(Captioned web images)
┌──
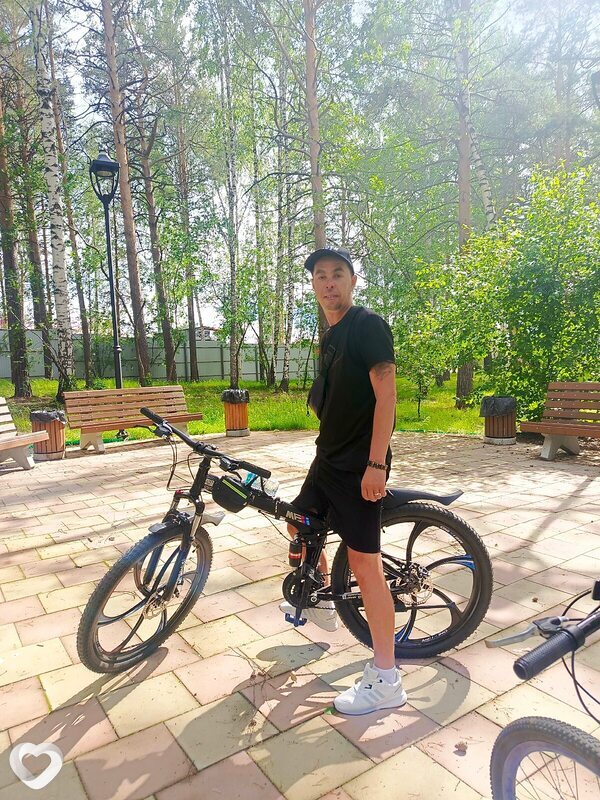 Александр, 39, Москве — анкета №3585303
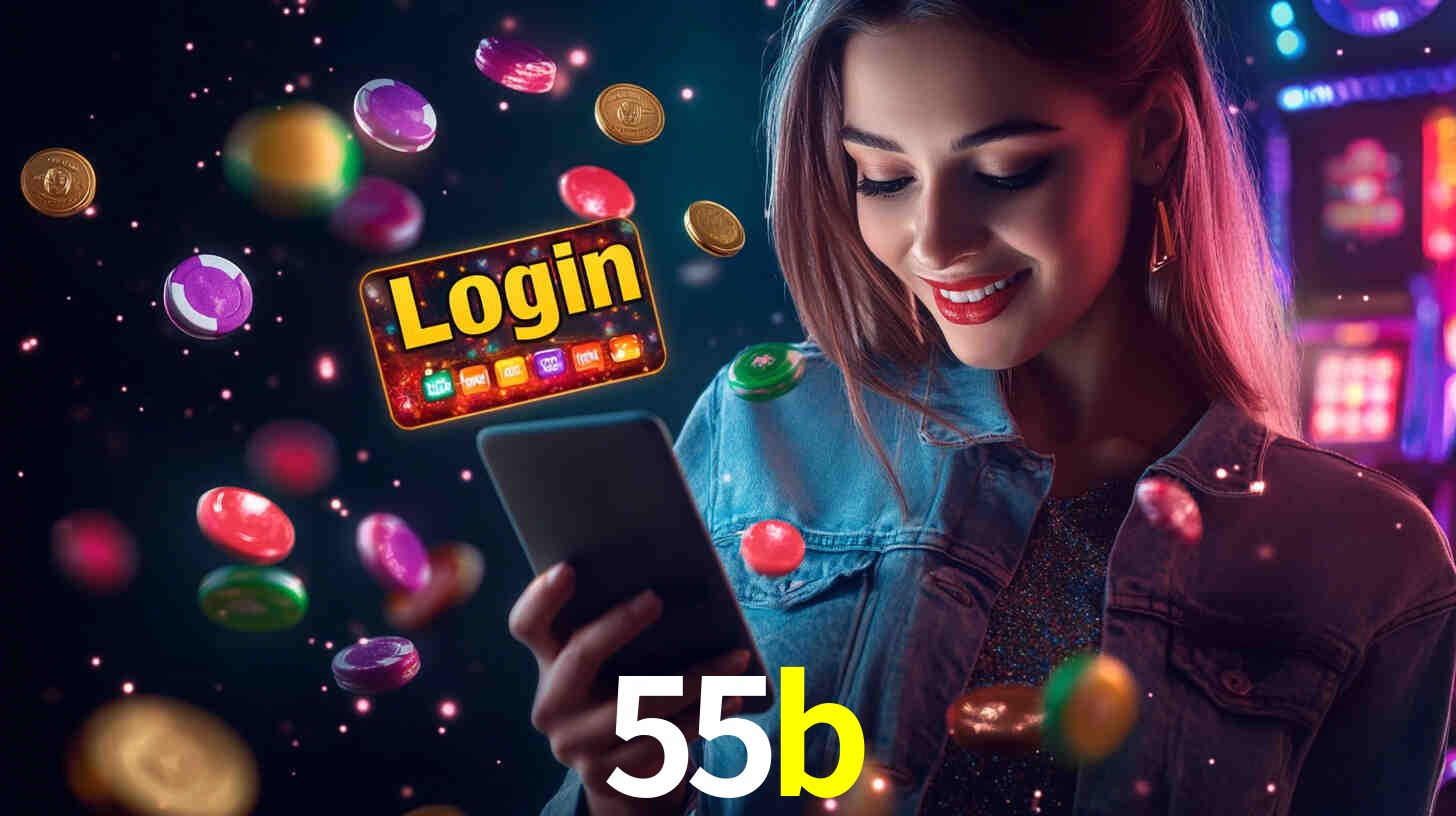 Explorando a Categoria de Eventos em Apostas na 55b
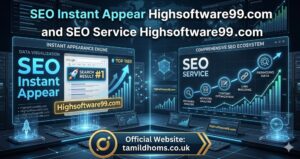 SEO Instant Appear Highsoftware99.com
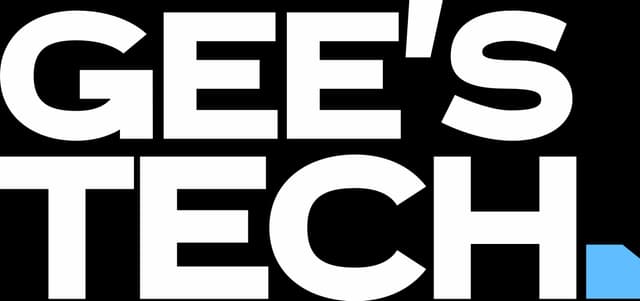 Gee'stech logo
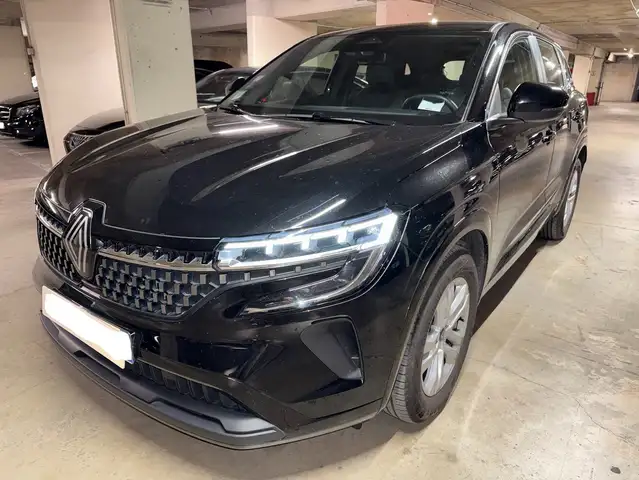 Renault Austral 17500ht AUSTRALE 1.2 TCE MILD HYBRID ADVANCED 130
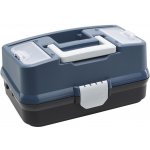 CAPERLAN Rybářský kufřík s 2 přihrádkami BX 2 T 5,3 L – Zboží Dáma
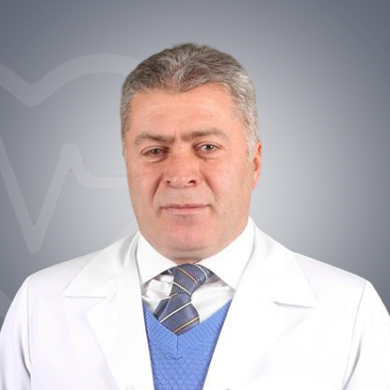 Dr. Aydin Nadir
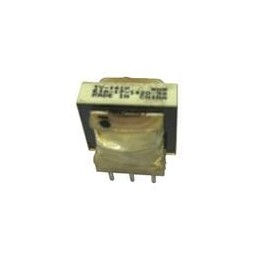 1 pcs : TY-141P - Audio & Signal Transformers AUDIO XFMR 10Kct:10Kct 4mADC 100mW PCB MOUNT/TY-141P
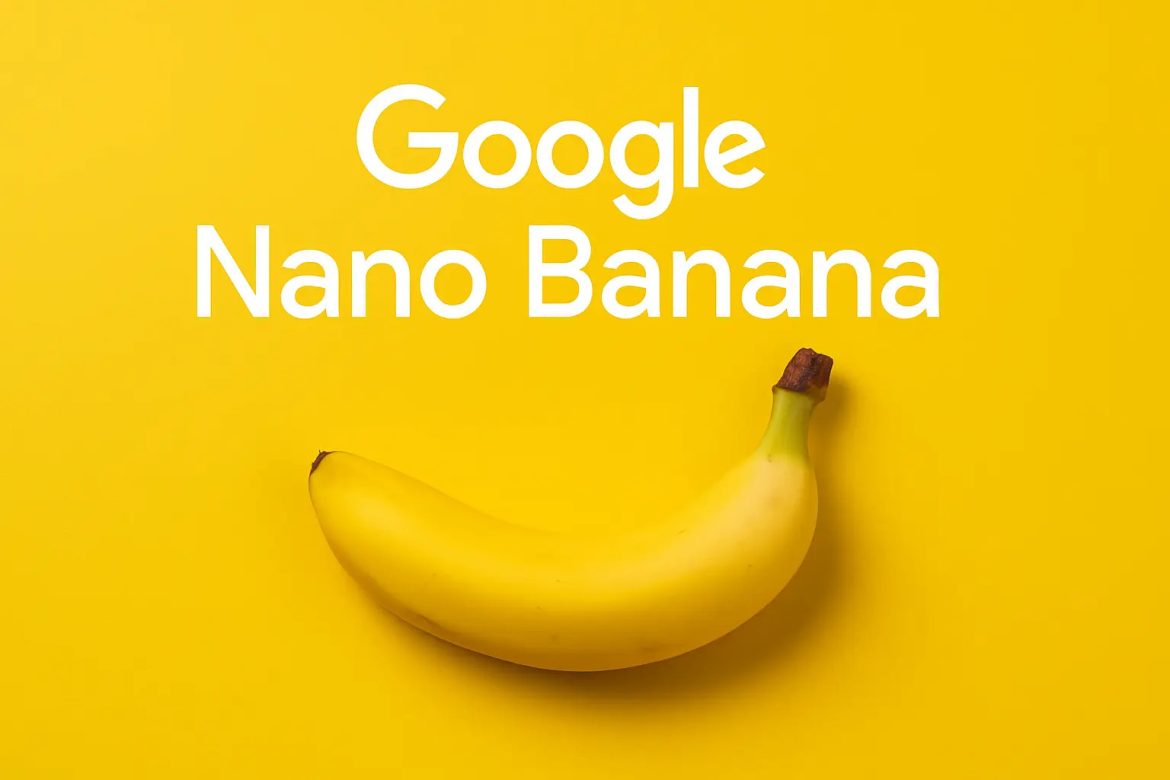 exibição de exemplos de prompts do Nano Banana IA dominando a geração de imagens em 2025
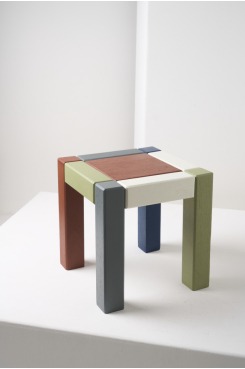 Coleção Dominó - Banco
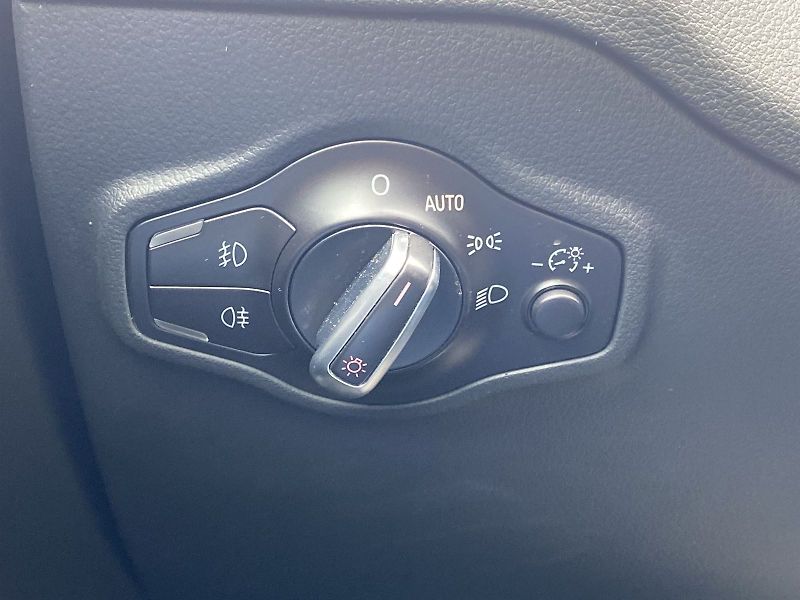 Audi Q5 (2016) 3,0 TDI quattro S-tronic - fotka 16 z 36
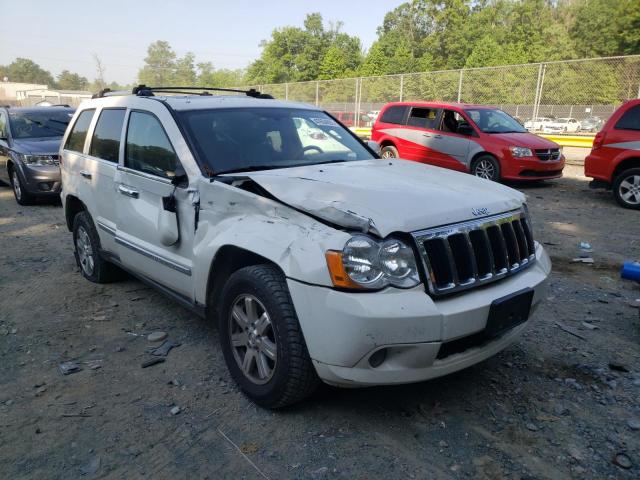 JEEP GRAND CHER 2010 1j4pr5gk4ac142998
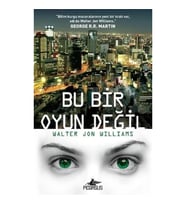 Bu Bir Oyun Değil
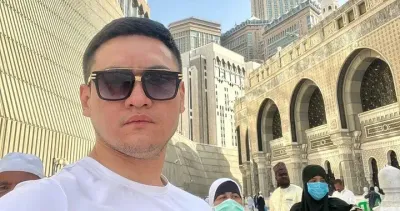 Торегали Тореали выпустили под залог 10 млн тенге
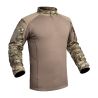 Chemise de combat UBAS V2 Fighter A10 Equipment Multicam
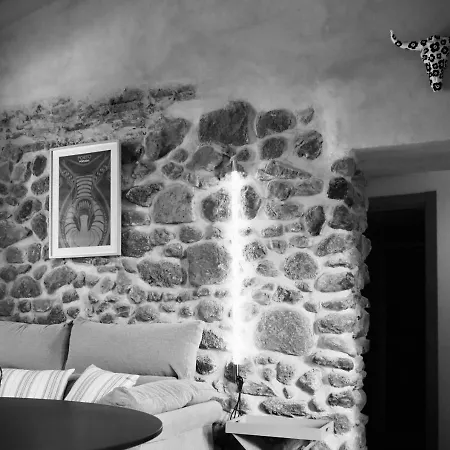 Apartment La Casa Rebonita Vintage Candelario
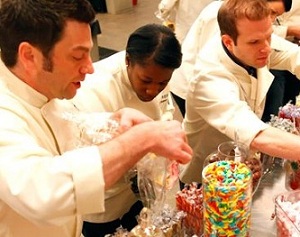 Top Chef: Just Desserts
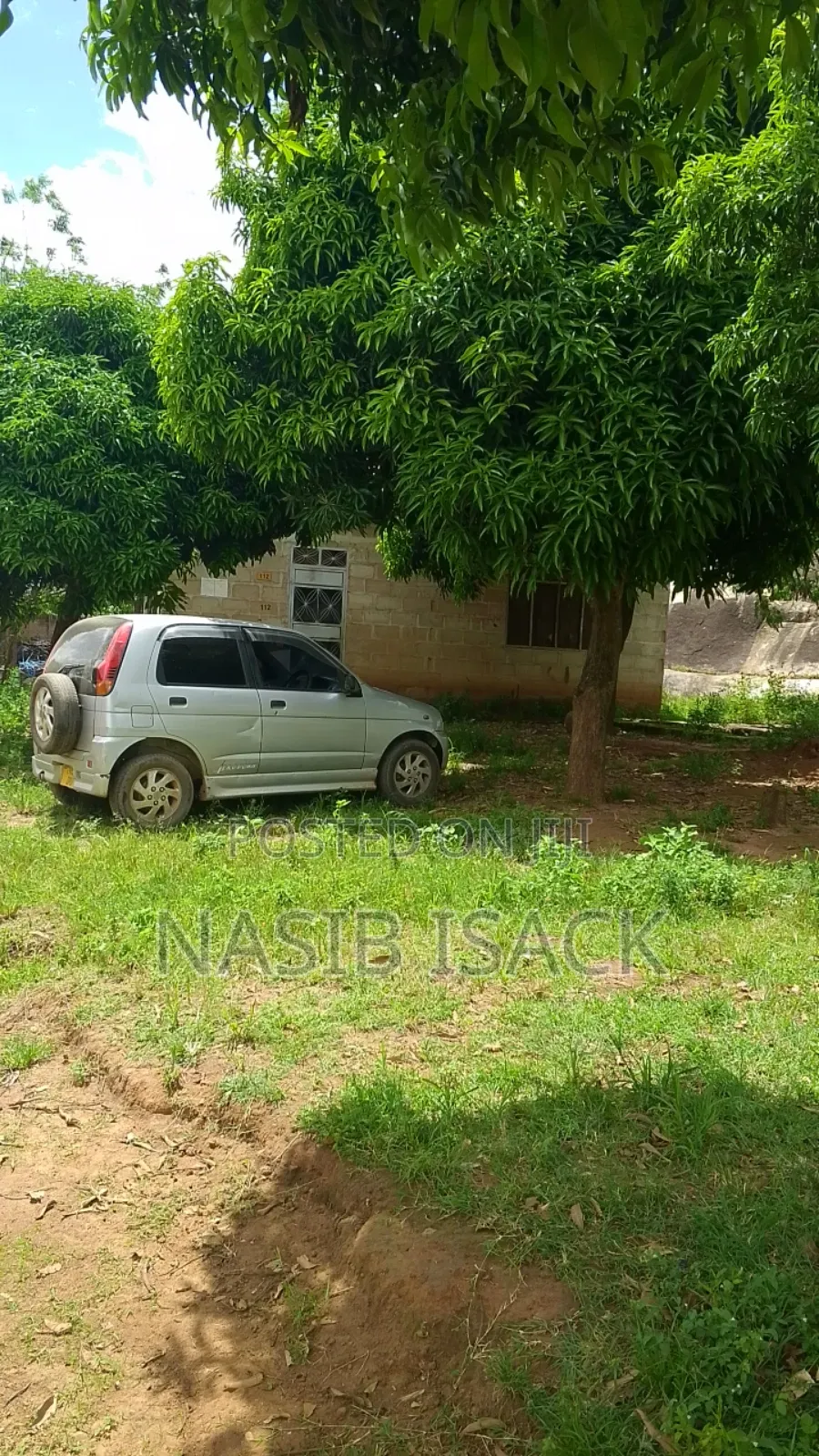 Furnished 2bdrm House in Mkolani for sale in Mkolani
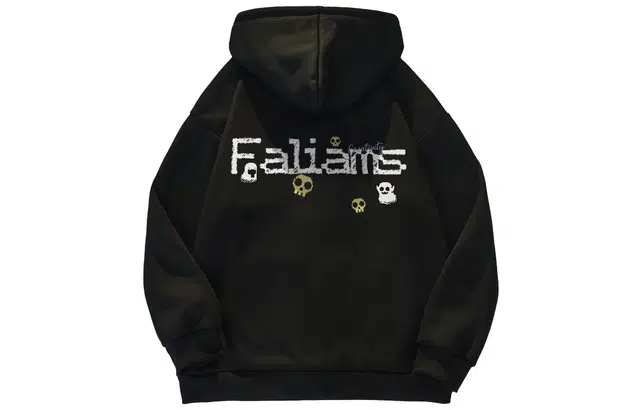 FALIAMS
└──
→ **Work request**:
Your reply should give again exactly the lines from the one with "Top Chef: Just Desserts" through the last line of the data, with both ends included and pictures left out.

→ **Solution to the problem**:
 Top Chef: Just Desserts
 Furnished 2bdrm House in Mkolani for sale in Mkolani
 FALIAMS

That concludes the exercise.